金沢大学ナノ生命科学研究所の市川壮彦特任助教,福間剛士教授,ナノ生命科学研究所/がん進展制御研究所の大島正伸教授らの共同研究グループは,一般的に細胞や組織を固定するために使用されている化学固定剤(以下固定剤)(※1)が細胞表面の膜タンパク質を凝集させて20 – 100ナノメートルのクラスターを形成することを原子間力顕微鏡(AFM)(※2)と新たな細胞表面観察技術を用いて明らかにしました。
固定剤は,生きている状態に近い状態で細胞や組織の構造を保持するために一般的に使用されている薬剤です。固定剤がタンパク質の架橋や凝集を起こすことを考えると,細胞表面である程度自由に動き回る膜タンパク質が固定剤により凝集しナノスケールの擬似的なクラスターを生じることで共局在解析等に影響を与える可能性が指摘されています。それにもかかわらず,この問題については,これまで細胞表面の構造をナノスケールで観察する方法がなかったためほとんど研究が行われていませんでした。本研究では,AFMと多孔窒化シリコン薄膜(※3)を用いて,細胞表面を安定かつ高分解能で観察する方法を開発しました。そして,一般的に用いられる3種類の固定剤で処理するといずれも細胞表面の突起の大きさが増大することを示し,これらの突起サイズの増加は固定剤による膜タンパク質の凝集によって生じたものであることを明らかにしました。
これらの知見は,固定剤を用いて固定された細胞表面をナノスケールで観察する今後の研究に注意を喚起するものになります。

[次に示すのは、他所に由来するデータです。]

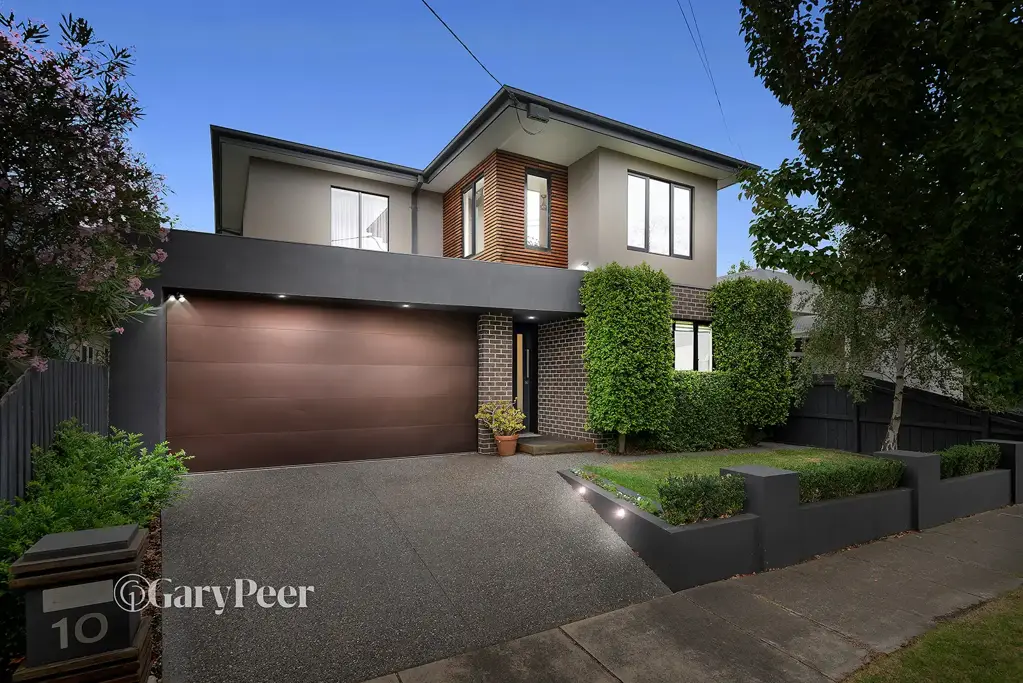 10 Buckley Street, Carnegie, VIC 3163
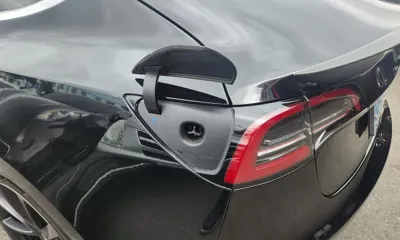 Tesla Model 3 2020, 178664 км, за 25300000 KRW - фото 6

本研究成果は,2022年5月20日午前10時(英国時間)に英国科学誌『Communications Biology』に掲載されました。
図1.多孔窒化シリコン薄膜を用いた新しいAFM用生細胞膜観察技術。(a)多孔窒化シリコン薄膜の外観。(b)AFMで観察した多孔窒化シリコン薄膜。(c)観察用チャンバーにセットした時の様子。(d)多孔窒化シリコン薄膜を用いたAFM細胞表面観察の模式図。
図2.生細胞及びグルタルアルデヒド,パラホルムアルデヒド,メタノールでそれぞれ処理した後のAFM細胞表面の観察。それぞれ左がAFM像,中央はAFM像に突起部分を枠で囲んだ図,右は左図の点線部分に沿った高さのプロファイル。
【用語解説】
※1 化学固定剤
タンパク質同士を化学的に架橋または析出することによって生きている時に近い状態で構造を保持する薬剤。固定後も免疫染色等を行うことが可能であり現在多くの研究で使用されている。
※2 原子間力顕微鏡(Atomic Force Microscopy: AFM)
鋭く尖った探針で固体表面をなぞることで,その表面形状を観察することのできる表面分析技術。液中で原子や分子を直接観ることのできる顕微鏡技術。
※3 多孔窒化シリコン薄膜
透過型電子顕微鏡のサンプルホルダーとして用いられる直径3–5 マイクロメートルの小孔が多数空いた薄い膜。膜の厚さは100 – 200 ナノメートル。